The update from Polymer 1 (Web Components v0) to Polymer 2 (Web Components v1) was huge for both code simplicity and performance. I know that my huge hangup with Polymer was performance, but it was solved (mostly) by Polymer 2 (released last May.) I'd give it a second look, especially now that most of the major pieces of Web Components v1 are shipping natively in browsers.
On the other hand, a lighter Web Components library I've been looking at has been Xtag.
Does it make that much of a difference? My applications are still on 1.x, I did migrate my components to hybrid though.
One other interesting libraries to look at are svelte or skatejs - haven't used them personally yet.
I haven't used either extensively so take it with a grain of salt, but my anecdotal experience is that Polymer v1 at release vs. Polymer v2 in the latest Chrome is a massive world of difference.
I also think v2's switch to ES2015 classes instead of v1's prototypal inheritance is much better and cleaner, but that's more of a product of Web Components v0 vs. v1. :)
I tend not to pay serious attention to technologies until they are popular and have been used for a while (I always adopt on the back side of the hype/productivity curve, since I'm not completely a front end developer).
Yeah, certainly it doesn't seem to get love here on HN.
However now https://www.webcomponents.org/elements has over 1k elements and Polymer slack channel is over 8k users, the community is active and there are lots of enterprise users adopting it (Netflix, IBM, GE, EA - not only Google).
IMO while that is not bad at all, react is obviously more popular, but when we talk about hype driven development - VueJS is one man project as you can see on GH, 99% of code is by single contributor - but based on hype you would feel safe adopting it.
Not sure I would tbh, I've been looking at Vue for the last 6 months as a replacement for Knockout and I still haven't bit the bullet, going to have to soon though because I need to give the frontend at work a good kicking and I have to pick something, thanks for the info on Polymer.
A lot really depends on your tastes, I didn't like react and I have to work with it daily. I like Polymer and what I saw in Vue docs, but at same time Vue is one man project really so that was the main reason I did not go with Vue - I might try it for my next project just for fun.
I think you should just do a tutorial in them and pick what fits your brain.
I understand DOM and elements so Polymer it was natural pick for me, also interoperability with other frameworks/libraries was important factor, they want to be the jquery of webcomponents basicly.
I made my bet on a solution that is baked in inside the browser, since webcomponents are W3C standard, and polymer is really small (20kb), it won't suddenly stop working for me the same as jquery work for billions of people.
No application lasts "years" nowadays, so I'd suggest not go "go Angular" simply because it's Angular. The modularity and speed-to-productivity of Vue is the reason I choose it. Plus, the community is quite supportive; always nice.

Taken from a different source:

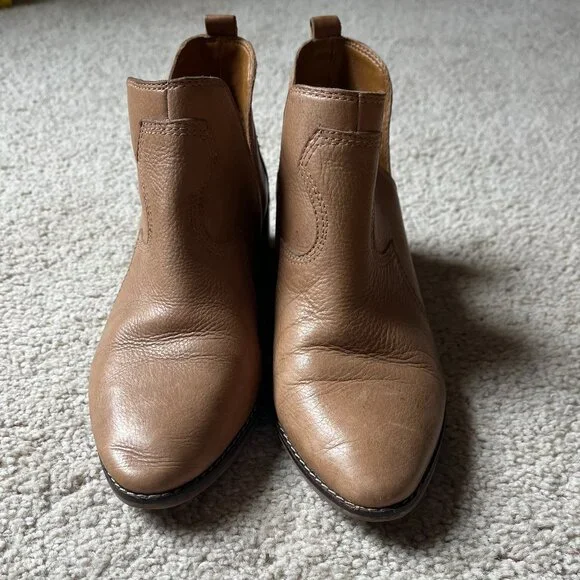 Lucky Brand *LK-Leymon LEATHER Bootie* Latte | GUC | Size 6.5 | Ankle Boot - Picture 3 of 13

I work near, but not directly on, an application that's lasted about 20 years so far. It's still actively maintained, and still making money. It's mostly written in vb6 and classic asp. Yes. Some applications far outside the hype cycle can last decades.
I've been working on a large web app (SaaS, so you won't have heard of it and can't try it out) for the past 5 years, and it's one continuous history codebase using Backbone for UI. It's not going to get rewritten any time soon. I'd expect it to still be using Backbone or something very similar (perhaps switching out some rendering subtrees for Vue or React) in another 5 years.
I would also add that language additions like TypeScript are not REQUIRED, but one can use them without any additional tech stack concerns in their build pipeline. In other words, things that React and Angular suggest (almost seem to require, given that documentation is written for them) as tech stack recommendations are entirely left to your initiative.
I've never seen a SPA last "years" without some eventual rewrite or major change. The only sites I see last year are serveres rendered ones or very simple ones.
You probably don't see them because complex web UIs aren't always consumer-facing. The ones you're familiar with are probably maintained by large corporations rather than specialist companies, and can more easily afford rewrites.
If you want a full blown huge application to last years, then go Angular... Although who knows if Angular will be there in 5 or so years.
There is no perfect library/framework but I love Vue because Vue does exactly what it says on the tin.